De Winter verwijst soms exact naar de historische realiteit, bijvoorbeeld 'de krach van '87' (p. 67); 'een film van Sidney Lumet en Paul Verhoeven' (p. 84); 'Met de intensiteit van Marlon Brando' (p. 97); 'Gelul, Floyd, jij en een nieuwe identiteit, dat is zoiets als Clinton die niet van seks houdt' (p. 114). Volgens de criticus Wim Vogel geeft De Winter 'een tot in de kleinste bijzonderheden gedocumenteerd tijdsbeeld van Hollywood' (zie de paragraaf 'Reacties').

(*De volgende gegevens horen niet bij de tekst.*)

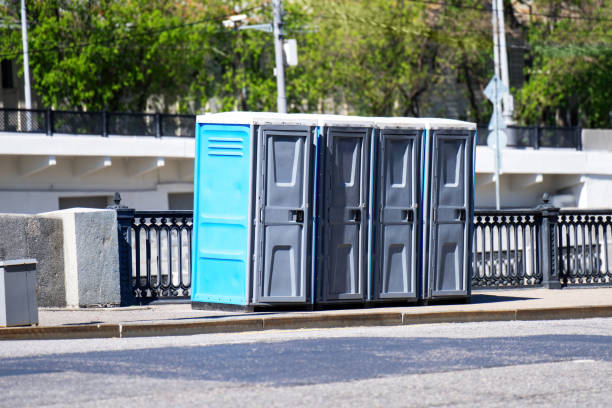 Portable Toilet Options We Offer in Lathrup Village, MI
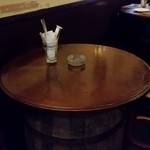 ザ　グラブ - テーブル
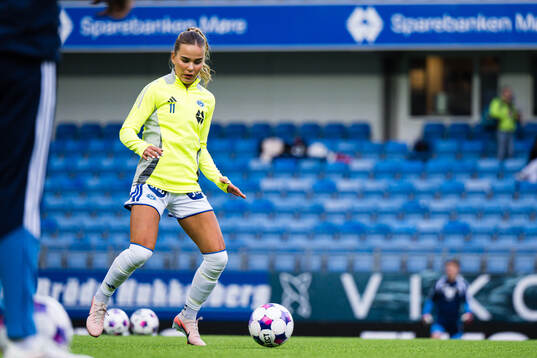 Ilona Aurora Walta of Molde warms up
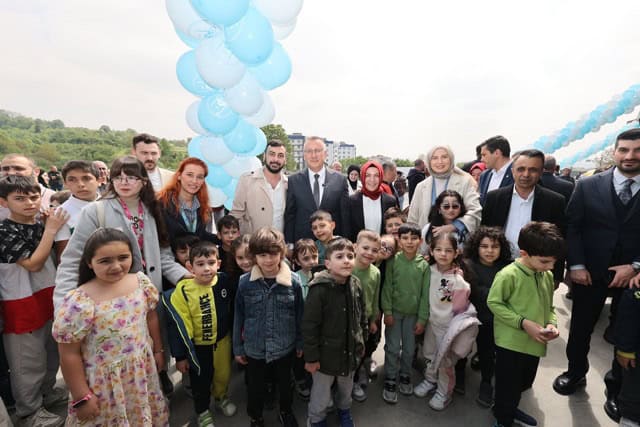 Korucuk Kapalı Pazar Yeri Çocuk Şenliği ile Resmen Açıldı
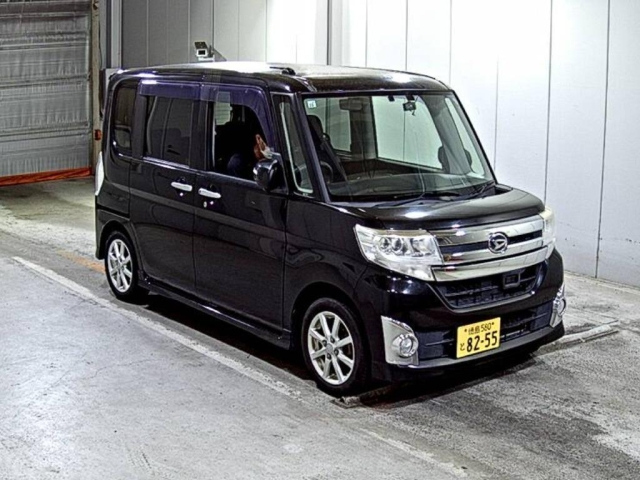 DAIHATSU TANTO — фото
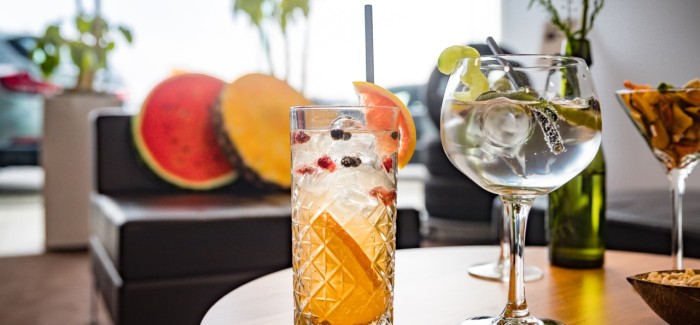 Cocktail glazen met gin-tonic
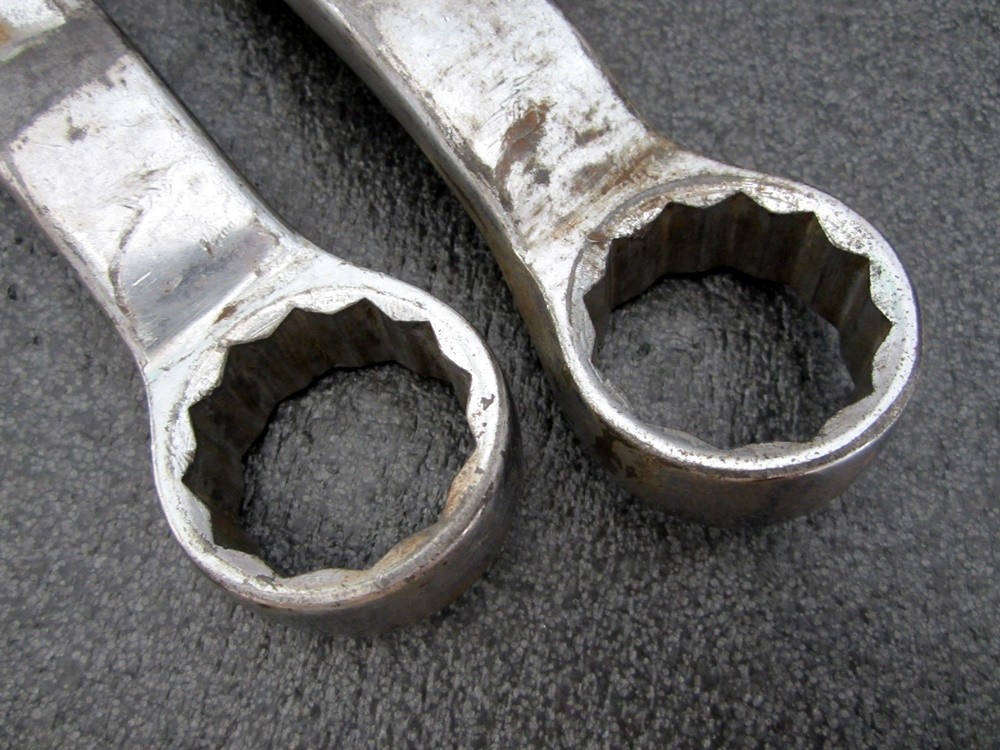 Vintage Snap-on 1-3/8″ x 1-1/2″ & 1-7/16″ x 1-5/8″ Box End Wrench XV4448 XV4652
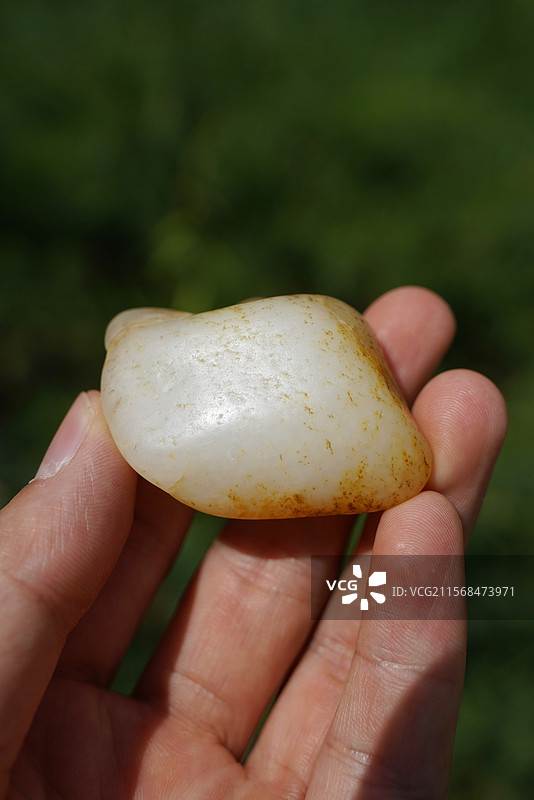 新疆和田玉籽料原石白玉羊脂玉洒金皮特色玉石璞玉美玉图片素材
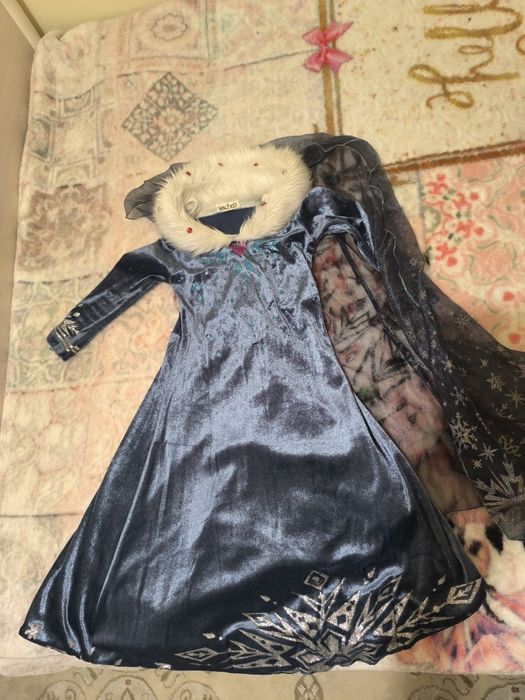 Costume Halloween fete 4-7 ani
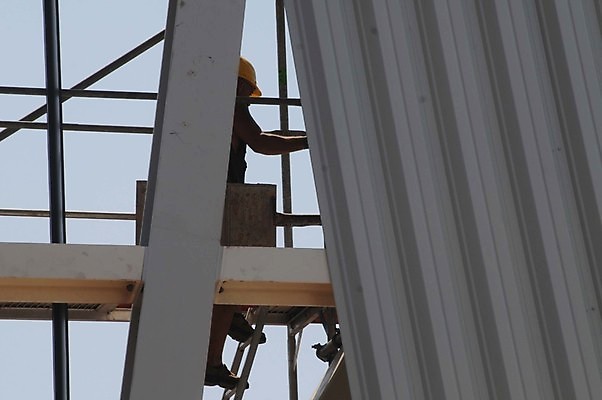 포토 JPG 해외이미지 주간 전신 남자 실루엣 한명 성인 야외 옆모습 건설현장 안전모 성인남자한명만 건설근로자 해외포토 자연요소 직업 1 뷰포인트 건설업 촬영기법 사람 헬멧 안전장비 남자한명만 성인남자만 파일형식 이미지허브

Het grootste gedeelte van de roman wordt verteld door een auctoriële verteller, die als een ware regisseur de gebeurtenissen in scène zet. Dit valt bijvoorbeeld aan te tonen met behulp van hoofdstuk 1, waarin de verteller scènes afbreekt (cut, fade out), het perspectief verandert (shot van boven, reverse shot, cut back, close-up) of de tijd verandert (flashback).

Door middel van enkele voetnoten levert de verteller soms commentaar of verschaft hij informatie (p. 58, 174, 199, 264, 288).

Grote gedeelten van de flashback, de hoofdstukken 2 tot en met 29, worden beschreven vanuit de hoofdpersoon Tom Green (vision avec). De lezer weet in die hoofdstukken meer dan Green: hij heeft in hoofdstuk 1 al gelezen dat Green in de villa inbreekt. Pas in hoofdstuk 30 leest hij deze passage opnieuw, maar nu met meer bijzonderheden (onder andere de onverwachte komst van Rodney Digiacomo) en met meer begrip.

In de eerste epiloog (p. 287-312) neemt de auctoriële verteller weer de touwtjes in handen, hij vertelt over de dood van Green en drukt stukken van diens autobiografie af, die hij voorziet van commentaar.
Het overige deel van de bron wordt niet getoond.